I’ve been thinking about these issues this week whilst financial warfare has raged across the Australian blogosphere over what appears to be a conflict about the opinions of two minorities about each other – those who are Christian and those who are LGBT. Easy argument you might think – you can choose your religion but you can’t choose your sexual orientation therefore Christians should just shut up and cede the Claim Right of religious belief to the trumping Liberty Right of the LGBT community to a peaceful and equal life.
Peace and Equality are two of the four Quaker testimonies – the Religious Society of Friends actually has no creed beyond the universal agreement “That there is that of God in everyone” – so I’m all for a peaceful and equal life. But in fact I believe in equality not because I am a Quaker, rather, I am a Quaker because I believe in equality. That is significant. In 2009 we became the first church to publicly support gay marriage which is unusual given the traditional hostility of the three main monotheisms towards same-sex attraction. Personally I feel extremely offended by Muslim behaviour towards my dog… but I have difficulty denying them the Liberty Right to feel that way even though we disagree. I wish I had a solution.

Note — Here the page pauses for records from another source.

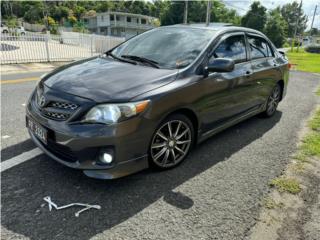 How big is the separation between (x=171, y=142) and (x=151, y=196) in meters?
0.69

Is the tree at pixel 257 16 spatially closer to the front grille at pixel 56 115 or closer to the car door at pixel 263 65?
the car door at pixel 263 65

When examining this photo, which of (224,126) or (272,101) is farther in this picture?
(272,101)

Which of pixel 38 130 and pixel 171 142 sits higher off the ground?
pixel 38 130

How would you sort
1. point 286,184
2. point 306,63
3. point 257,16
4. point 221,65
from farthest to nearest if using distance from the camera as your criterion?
point 257,16 < point 306,63 < point 221,65 < point 286,184

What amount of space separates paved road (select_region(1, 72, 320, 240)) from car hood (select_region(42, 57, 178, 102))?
0.93m

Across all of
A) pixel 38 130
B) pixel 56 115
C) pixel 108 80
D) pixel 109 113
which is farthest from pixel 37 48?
pixel 109 113

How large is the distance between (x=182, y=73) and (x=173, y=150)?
898 mm

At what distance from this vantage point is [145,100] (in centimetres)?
269

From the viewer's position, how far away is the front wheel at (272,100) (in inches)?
206

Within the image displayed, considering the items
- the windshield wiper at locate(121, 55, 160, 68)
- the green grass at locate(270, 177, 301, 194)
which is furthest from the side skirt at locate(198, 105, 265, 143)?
the windshield wiper at locate(121, 55, 160, 68)

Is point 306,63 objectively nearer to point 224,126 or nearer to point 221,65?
point 224,126

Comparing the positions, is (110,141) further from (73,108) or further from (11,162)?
(11,162)

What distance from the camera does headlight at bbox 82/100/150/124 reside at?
2.55 m

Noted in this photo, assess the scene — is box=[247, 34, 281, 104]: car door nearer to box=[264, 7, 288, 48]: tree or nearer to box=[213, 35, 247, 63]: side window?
box=[213, 35, 247, 63]: side window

But I’d like to suggest an experiment to those in the LGBT community who’d like to see Christians like those commenting on the Muehlenberg article over at OnLineOpinion excluded from public discourse entirely. What if people like Muehlenberg don’t believe that homosexuality is a perversion or abomination because that’s what their specific scriptures tell them, but from a deep instinct that same-sex attraction is WRONG? What if that instinct comes from the same well of conscience and conviction that your understanding of your own sexuality comes from? And if it does, or even might, how does this make you any better than those who want to bully you for being “a fag”?
I really despise bullies… because it’s been my experience that when we can’t live with difference, people are inclined to die.